- _INFORMATION SHOWN_:
--- START ---

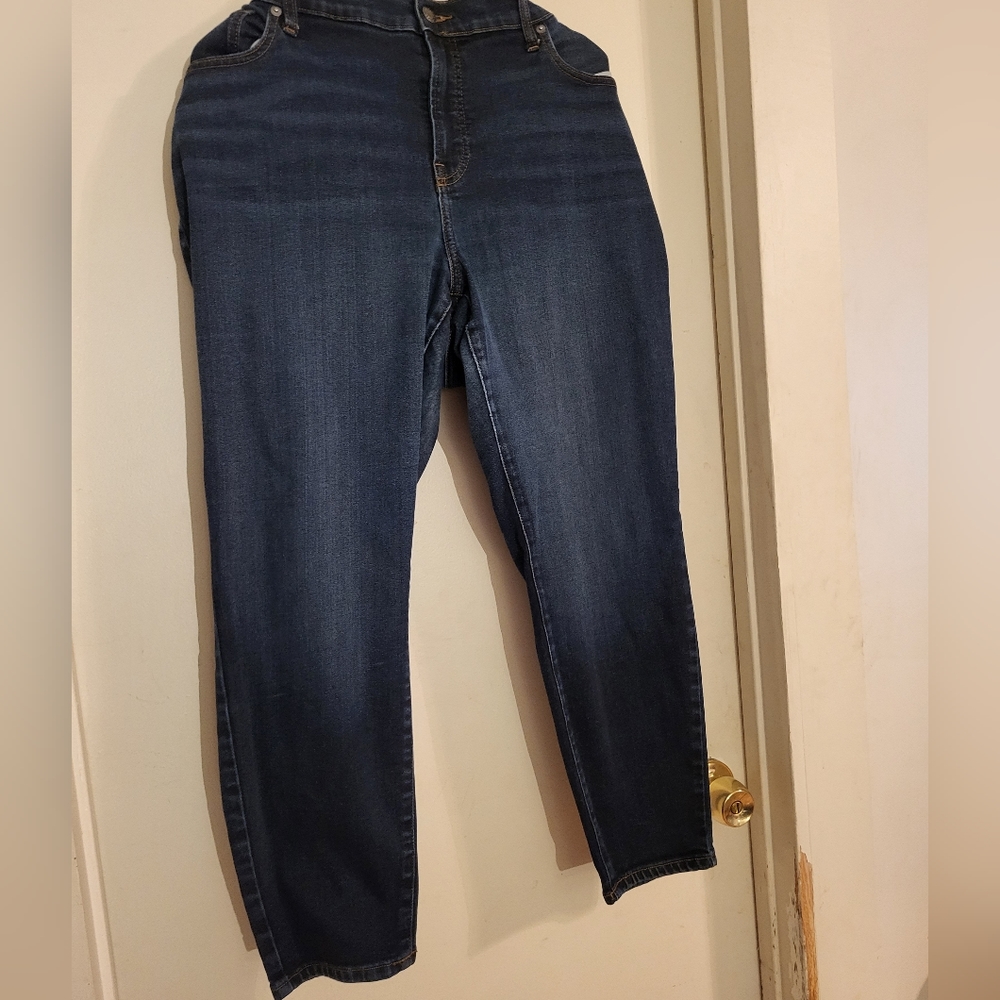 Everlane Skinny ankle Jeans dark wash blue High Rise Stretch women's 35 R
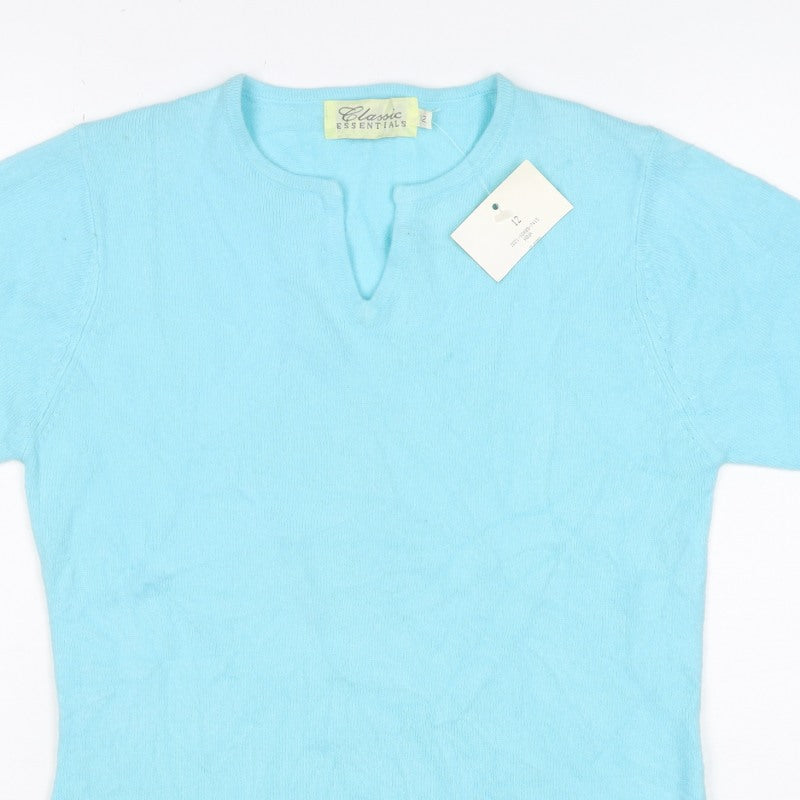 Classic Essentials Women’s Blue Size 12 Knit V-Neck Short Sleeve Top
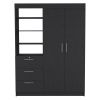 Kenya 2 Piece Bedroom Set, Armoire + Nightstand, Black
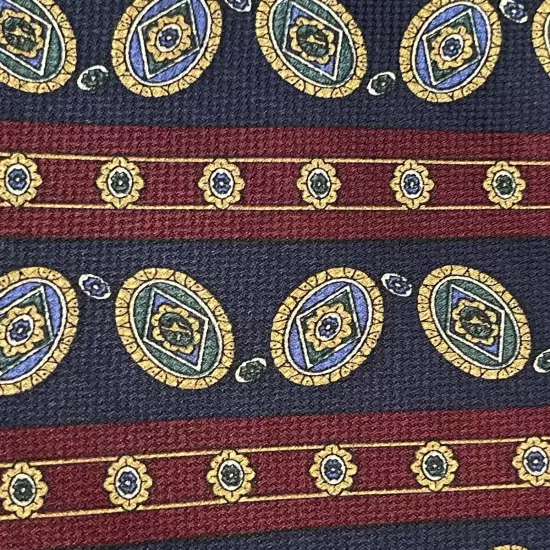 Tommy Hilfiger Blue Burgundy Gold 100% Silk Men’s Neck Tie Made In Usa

--- END ---

- _THE TASK_:
Please copy the data above word for word, but only from the line that contains "Classic Essentials Women’s" through the final line, both included, and without the pictures.

- _SOLUTION_:
 Classic Essentials Women’s Blue Size 12 Knit V-Neck Short Sleeve Top
 Kenya 2 Piece Bedroom Set, Armoire + Nightstand, Black
 Tommy Hilfiger Blue Burgundy Gold 100% Silk Men’s Neck Tie Made In Usa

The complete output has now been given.